Stored data Start Marker

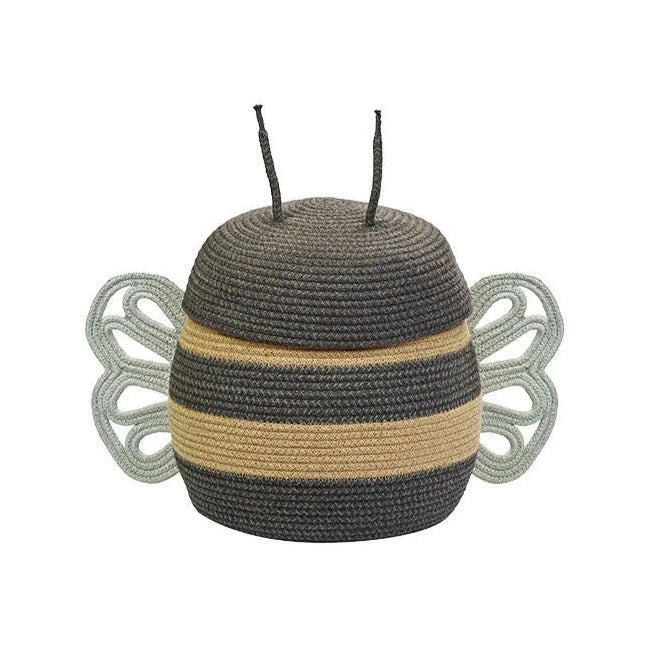 Panier Lorena Canals - Grande Abeille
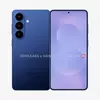 Попередній перегляд CAD-рендер Samsung Galaxy S26 Pro 1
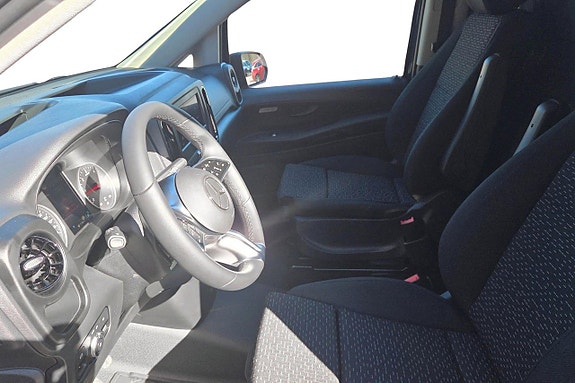 Mercedes-Benz Vito 116 7 of 11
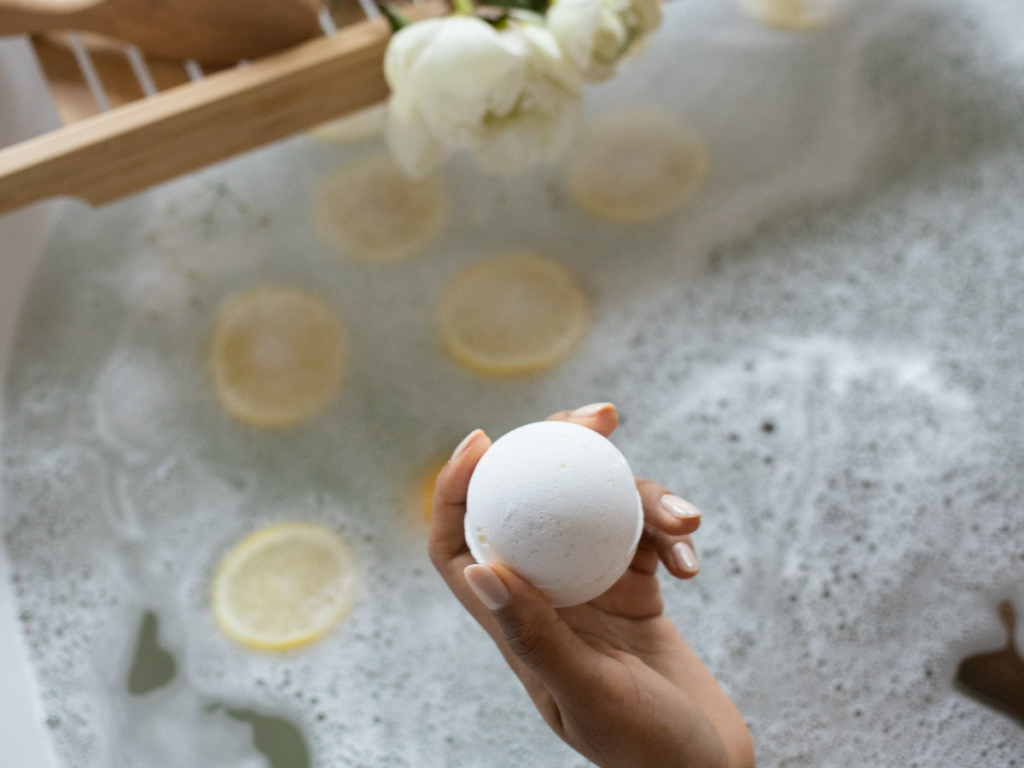 Can Bath Bombs Cause Serious Damage to Your Plumbing? News Anyway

Stored data End Marker

■ Your assignment ■
Exactly as written, copy out the listing, but without any pictures.

■ Task answer ■
 Panier Lorena Canals - Grande Abeille
 Попередній перегляд CAD-рендер Samsung Galaxy S26 Pro 1
 Mercedes-Benz Vito 116 7 of 11
 Can Bath Bombs Cause Serious Damage to Your Plumbing? News Anyway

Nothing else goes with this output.